• **Problem requirements**:
Instruction for the entries below: return the part that opens with the line containing "In the next module, we" and closes with the line containing "Hello everyone, welcome", exactly, and no pictures.

• **Supplied entries**:
========
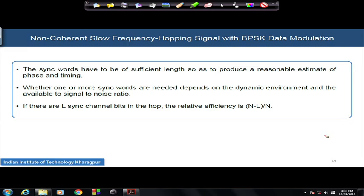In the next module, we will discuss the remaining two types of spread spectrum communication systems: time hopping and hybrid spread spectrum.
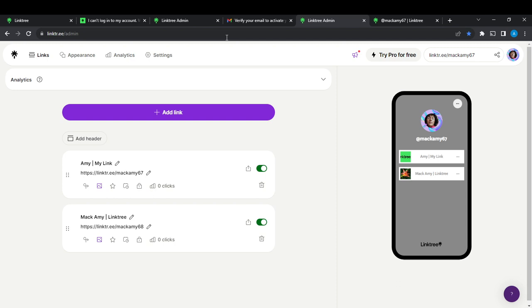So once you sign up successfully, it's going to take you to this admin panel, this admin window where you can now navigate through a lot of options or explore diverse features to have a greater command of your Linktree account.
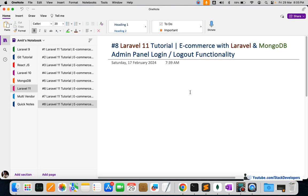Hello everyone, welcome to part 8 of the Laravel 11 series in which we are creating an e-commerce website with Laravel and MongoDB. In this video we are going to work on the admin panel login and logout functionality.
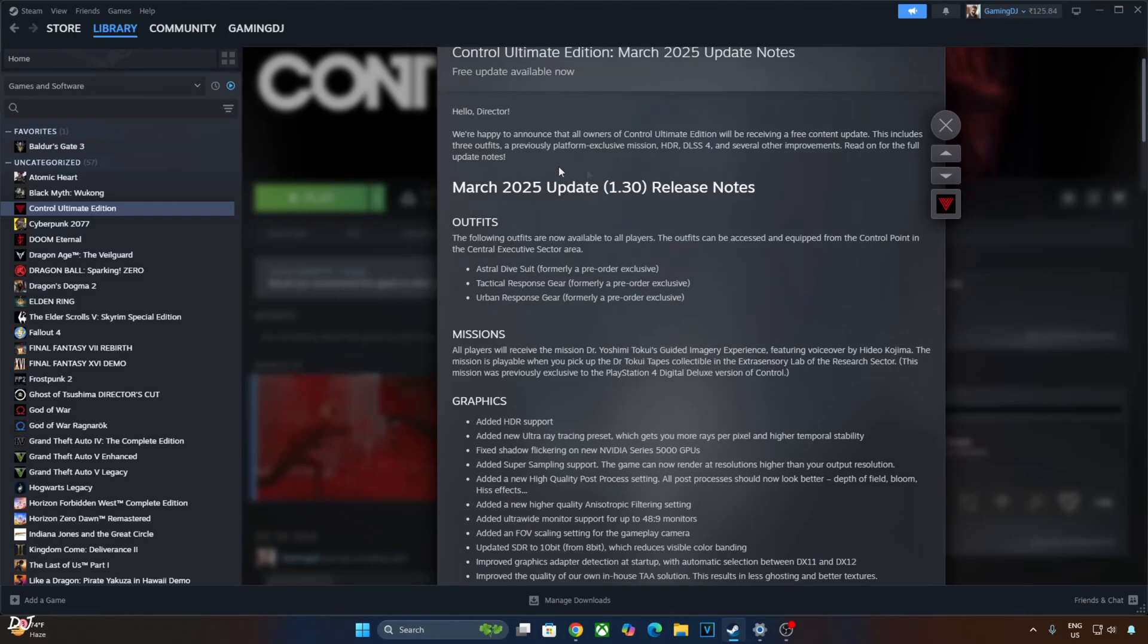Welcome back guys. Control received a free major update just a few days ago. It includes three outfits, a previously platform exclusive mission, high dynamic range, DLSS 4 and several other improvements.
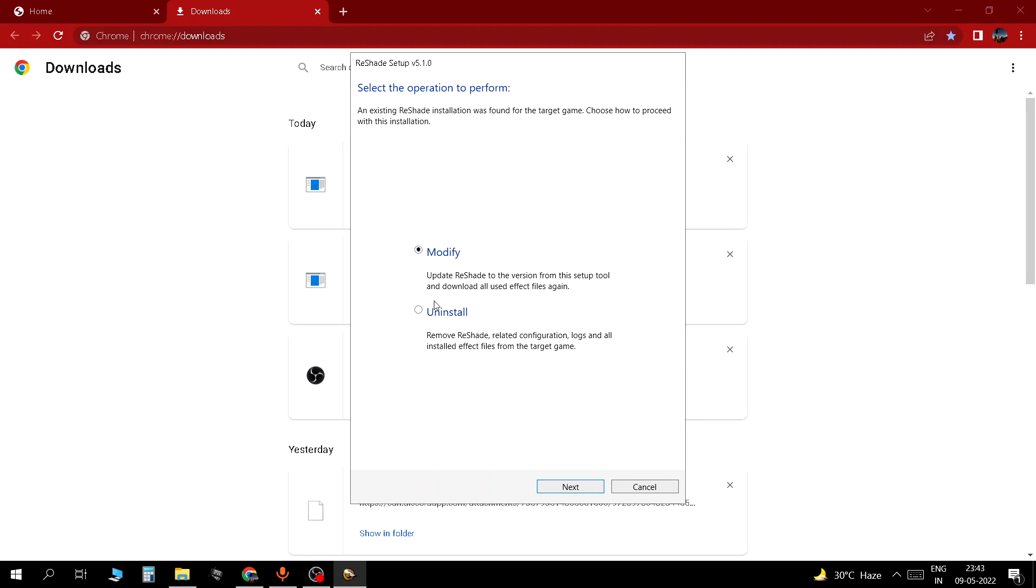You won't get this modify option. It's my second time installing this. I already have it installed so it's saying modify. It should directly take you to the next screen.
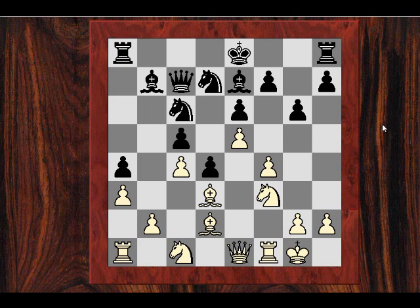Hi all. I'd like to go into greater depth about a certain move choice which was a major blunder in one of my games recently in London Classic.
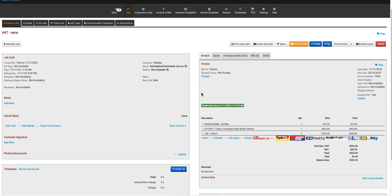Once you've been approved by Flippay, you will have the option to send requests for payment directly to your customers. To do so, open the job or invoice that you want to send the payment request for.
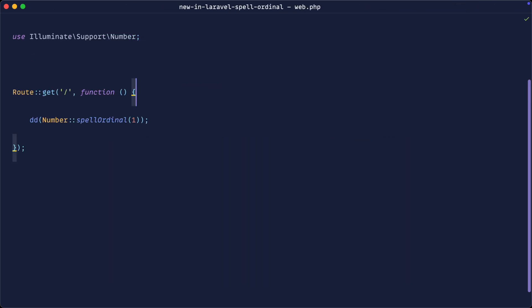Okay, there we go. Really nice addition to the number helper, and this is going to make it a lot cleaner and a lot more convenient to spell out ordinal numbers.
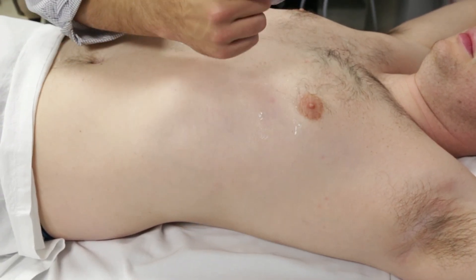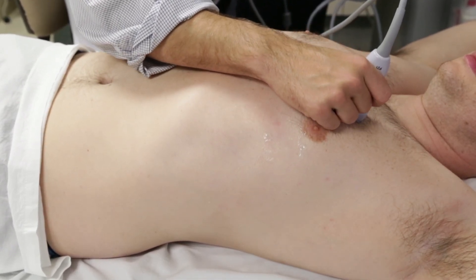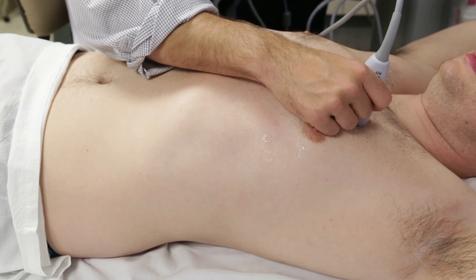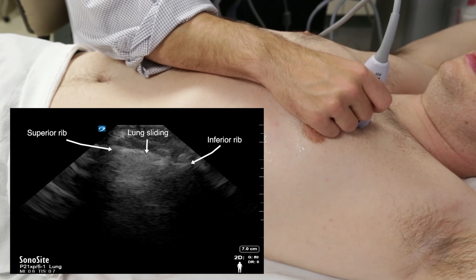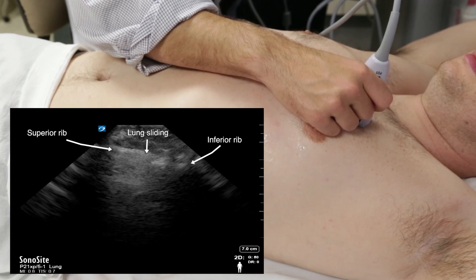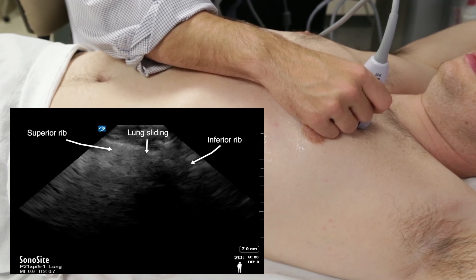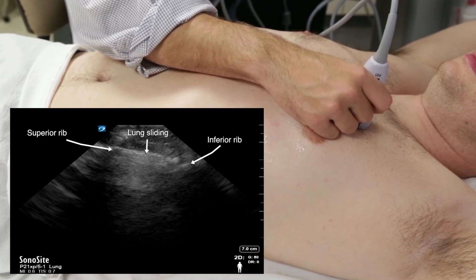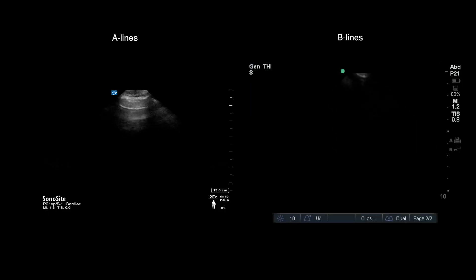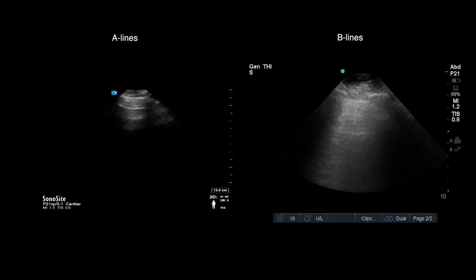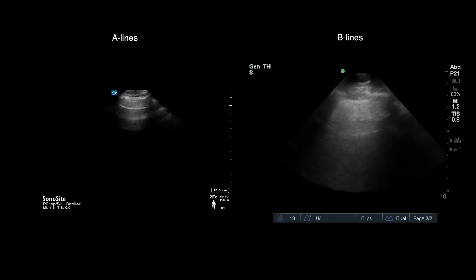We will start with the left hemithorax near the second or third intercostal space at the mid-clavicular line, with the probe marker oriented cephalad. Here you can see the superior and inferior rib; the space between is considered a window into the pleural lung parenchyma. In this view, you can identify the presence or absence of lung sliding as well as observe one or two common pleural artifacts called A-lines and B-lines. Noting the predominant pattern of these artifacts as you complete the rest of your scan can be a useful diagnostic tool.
========
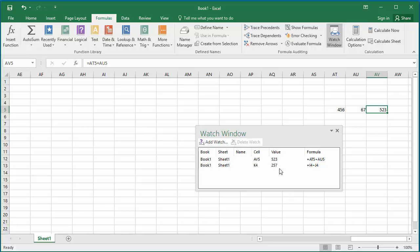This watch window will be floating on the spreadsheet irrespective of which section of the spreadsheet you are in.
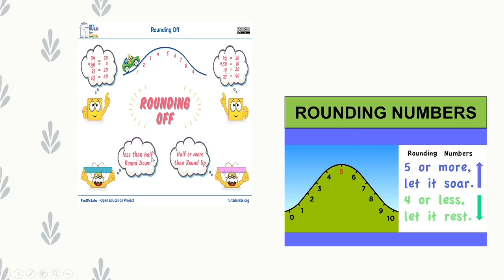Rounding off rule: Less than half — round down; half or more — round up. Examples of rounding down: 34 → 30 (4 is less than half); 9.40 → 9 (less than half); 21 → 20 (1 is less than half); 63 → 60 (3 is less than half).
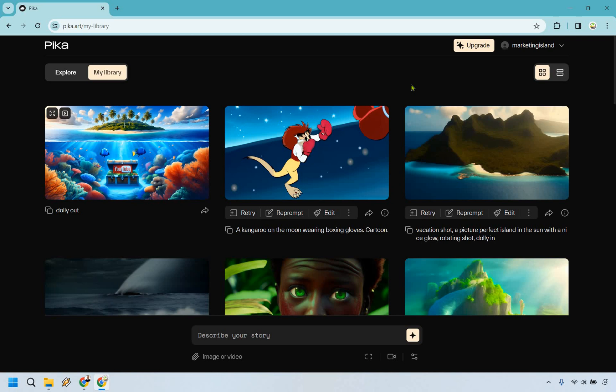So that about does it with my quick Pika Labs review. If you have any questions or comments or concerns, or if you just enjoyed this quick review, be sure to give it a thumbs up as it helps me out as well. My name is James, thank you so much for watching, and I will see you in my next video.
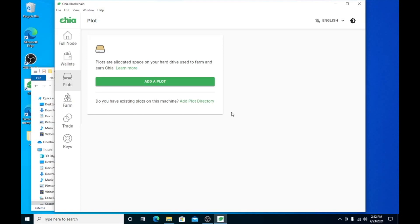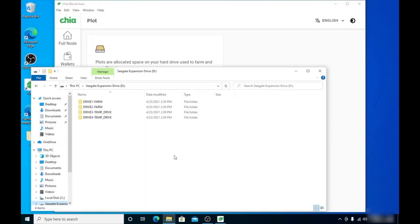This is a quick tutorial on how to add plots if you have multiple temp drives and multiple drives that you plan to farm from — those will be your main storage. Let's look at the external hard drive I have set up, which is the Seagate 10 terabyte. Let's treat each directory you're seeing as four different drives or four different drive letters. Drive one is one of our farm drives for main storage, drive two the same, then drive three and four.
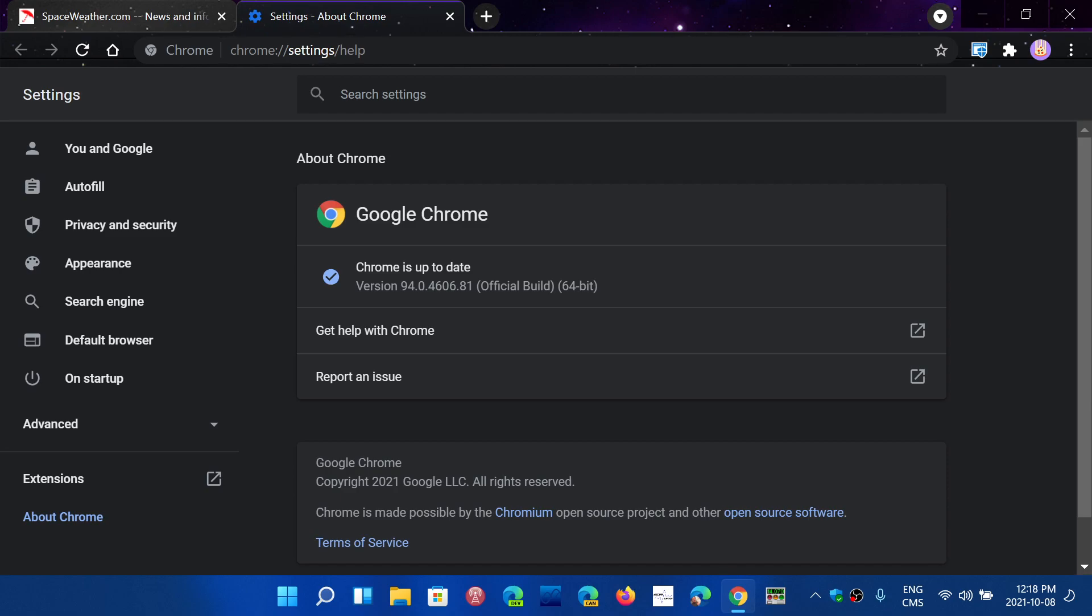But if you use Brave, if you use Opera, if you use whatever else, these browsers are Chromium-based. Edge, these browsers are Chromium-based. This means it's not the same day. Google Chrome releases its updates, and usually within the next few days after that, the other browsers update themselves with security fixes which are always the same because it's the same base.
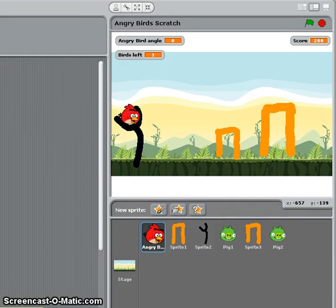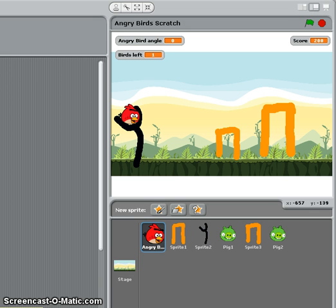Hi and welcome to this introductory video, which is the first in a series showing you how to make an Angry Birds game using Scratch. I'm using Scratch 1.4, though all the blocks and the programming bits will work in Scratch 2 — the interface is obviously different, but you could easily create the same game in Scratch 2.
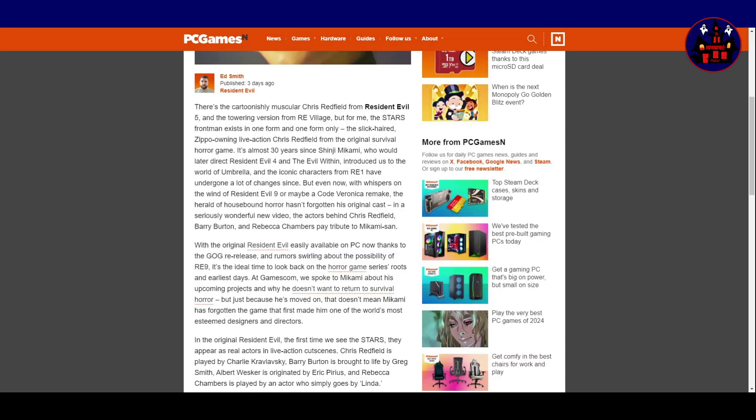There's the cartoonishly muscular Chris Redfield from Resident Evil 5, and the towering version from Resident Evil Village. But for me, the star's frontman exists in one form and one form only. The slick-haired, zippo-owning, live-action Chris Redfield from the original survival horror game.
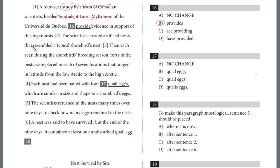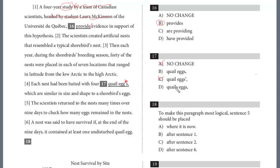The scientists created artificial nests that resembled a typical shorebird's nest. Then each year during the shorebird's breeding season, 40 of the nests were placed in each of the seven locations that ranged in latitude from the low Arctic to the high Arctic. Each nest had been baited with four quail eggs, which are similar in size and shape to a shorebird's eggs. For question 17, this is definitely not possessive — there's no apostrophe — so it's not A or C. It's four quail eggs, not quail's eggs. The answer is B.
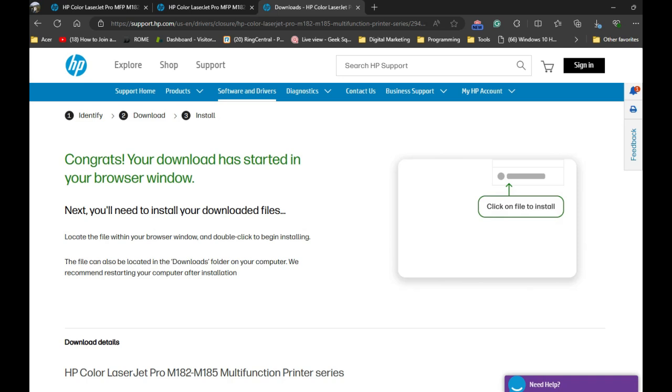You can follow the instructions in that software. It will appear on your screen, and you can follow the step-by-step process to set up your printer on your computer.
========
• **Result of the task**:
In the next module, we will discuss the remaining two types of spread spectrum communication systems: time hopping and hybrid spread spectrum.
So once you sign up successfully, it's going to take you to this admin panel, this admin window where you can now navigate through a lot of options or explore diverse features to have a greater command of your Linktree account.
Hello everyone, welcome to part 8 of the Laravel 11 series in which we are creating an e-commerce website with Laravel and MongoDB. In this video we are going to work on the admin panel login and logout functionality.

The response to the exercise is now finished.